There was a rattle on his hard hat and something bounced off to splash to the ground. He bent over and picked up a hailstone as thick as his thumb. A sudden flurry of hail hammered painfully at his back and neck, he straightened hurriedly.
As quickly as it started the storm was over. The sun burned down, melting the hailstones and sending curls of steam up from the wet street. Jason sweated inside his armored clothing. Yet before they had gone a block it was raining again and he shook with chill.
Grif trudged steadily along, indifferent to the weather or the volcanoes that rumbled on the horizon and shook the ground beneath their feet. Jason tried to ignore his discomfort and match the boy’s pace.
The walk was a depressing one. The heavy, squat buildings loomed grayly through the rain, more than half of them in ruins. They walked on a pedestrian way in the middle of the street. The occasional armored trucks went by on both sides of them. The midstreet sidewalk puzzled Jason until Grif blasted something that hurtled out of a ruined building towards them. The central location gave them some chance to see what was coming. Suddenly Jason was very tired.

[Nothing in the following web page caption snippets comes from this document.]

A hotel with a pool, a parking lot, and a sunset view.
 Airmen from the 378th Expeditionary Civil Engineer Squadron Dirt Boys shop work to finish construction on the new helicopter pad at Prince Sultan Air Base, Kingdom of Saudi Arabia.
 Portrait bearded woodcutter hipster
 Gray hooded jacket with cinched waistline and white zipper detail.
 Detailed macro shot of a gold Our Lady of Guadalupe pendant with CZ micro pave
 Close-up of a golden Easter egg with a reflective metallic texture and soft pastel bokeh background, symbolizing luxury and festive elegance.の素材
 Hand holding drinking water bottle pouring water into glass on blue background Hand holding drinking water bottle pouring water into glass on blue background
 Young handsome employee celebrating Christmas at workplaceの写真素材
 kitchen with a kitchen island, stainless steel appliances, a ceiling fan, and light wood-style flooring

“Grif, this city of yours is sure down at the heels. I hope the other ones are in better shape.”
“I don’t know what you mean talking about heels. But there are no other cities. Some mining camps that can’t be located inside the perimeter. But no other cities.”
This surprised Jason. He had always visualized the planet with more than one city. There were a lotof things he didn’t know about Pyrrus, he realized suddenly. All of his efforts since landing had been taken up with the survival studies. There were a number of questions he wanted to ask. But ask them of somebody other than his grouchy eight-year-old bodyguard. There was one person who would be best equipped to tell him what he wanted to know.
“Do you know Kerk?” he asked the boy. “Apparently he’s your ambassador to a lot of places, but his last name — “
“Sure, everybody knows Kerk. But he’s busy, you shouldn’t see him.”
Jason shook a finger at him. “Minder of my body you may be. But minder of my soul you are not. What do you say I call the shots and you go along to shoot the monsters? O.K.?”
They took shelter from a sudden storm of fist-sized hailstones. Then, with ill grace, Grif led the way to one of the larger, central buildings. There were more people here and some of them even glanced at Jason for a minute, before turning back to their business. Jason dragged himself up two flights of stairs before they reached a door marked CO-ORDINATION AND SUPPLY.